In case you missed it, certain feminist quarters have, in recent months, taken the Obama administration to task for his tendency to refer to women as “our wives, mothers, and daughters” in policy speeches. Back in February, a petition on the White House’s “We the People” page protested the President using similar language in his State of the Union speech. The feminist blogosphere has since been in a bit of a remarkably prolonged state of fury over what they perceive as a tendency to only value women in direct correlation to their relationship to men. One blogger recently equated talking about women in this more relational sense with “perpetuating rape culture by advancing the idea that a woman is only valuable in so much as she is loved or valued by a man.”
Now, all of this uproar over a relatively innocuous turn of phrase, (innocuous compared to, say, drone strikes against innocent women in Yemen and Pakistan), might seem a bit overblown. Far be it from me to wander unwittingly into the linguistic hinterland that is home to the contemporary gender-equality movement. However, behind all of this debate over the President’s language, I think something much more profound- and troubling- is taking place here.
What is really being objected to is not so much the President’s choice of words but a particular understanding of human nature. The current culturally-prevalent view of human nature rests on an anthropological assumption that posits womankind as consisting, ultimately, of atomized female individuals with no inherent social or familial obligations to any other individuals (male or female). Speaking generously, one could perhaps attribute this individualistic view of human nature to a misguided affirmation of the undeniable value of each individual man or woman. But to the extent that this modern anthropology advances each woman’s individual identity as an alternative to the preponderance of social/familial identities that traditionally have held sway over both genders, one can easily expect those (quite legitimate) relational identities to be seen as a threat to a woman’s true worth, which proponents of this view argue is internal and non-relational. In other words, to the extent that women see their relationships with other individuals (or with the Divine) as an integral part of their being, their status as women is somehow suspect. Melissa McEwan, who started the We the People petition against Obama’s “wives, mothers, and daughters” language, did so because she took exception to any expression of femininity that “defines women by their relationships to other people.”

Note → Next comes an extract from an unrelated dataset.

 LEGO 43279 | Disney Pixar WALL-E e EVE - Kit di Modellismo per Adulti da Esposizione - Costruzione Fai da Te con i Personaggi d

The problem with all of this is that society cannot long remain functional once its members (both male and female) reject their traditional obligations to one another. The foreseeable social consequences of such a radical break in human self-understanding sound all too familiar today:
- an increase in divorce and abortion rates
- an increase in the number of children born out-of-wedlock or raised in single-parent households
- an increasing, culturally-pervasive materialism that attempts to fill relational voids with physical possessions
- an increase in interpersonal egocentrism that sees other people as mere tools to be used for one’s own gratification
- a decreasing amount of mutual respect among relationships (particularly inter-gender relationships) of all forms
If these indications of social disintegration sound familiar to the modern ear, it is because of the enormous extent to which modern American society (with considerable help from the welfare state) has successfully stripped modern men of those relationships- as husbands, fathers , brothers, etc.- that historically have given male life meaning. Mary Elizabeth Williams of Salon references as much when she writes that “women are still living in a world where we, unlike our male counterparts, are defined by our relationships to others.”

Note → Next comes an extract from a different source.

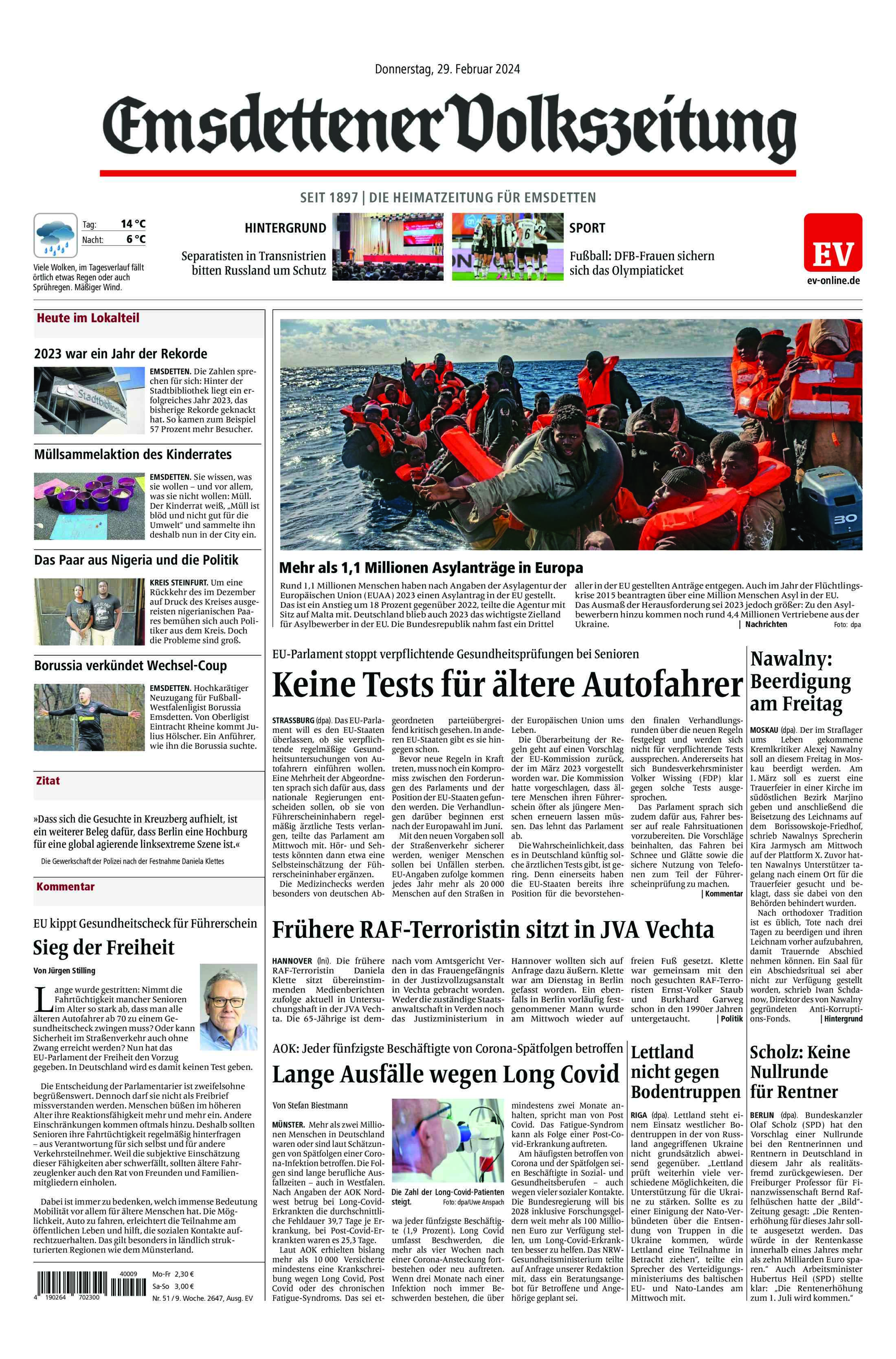 Ausgabe vom 29.02.2024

From a relational and familial standpoint, American society today seems to be on the verge of going completely off the rails, if it hasn’t already. To the extent that proponents of gender-equality are troubled by the perceived increase in destructive behavior patterns among American males (especially in regard to their relationships with women), they recognize this problem. To then present women in an individualistic manner- particularly to the exclusion of the relational components of human nature- is not only to deprive each female life of a significant source of meaning, but to exacerbate their own social disintegration.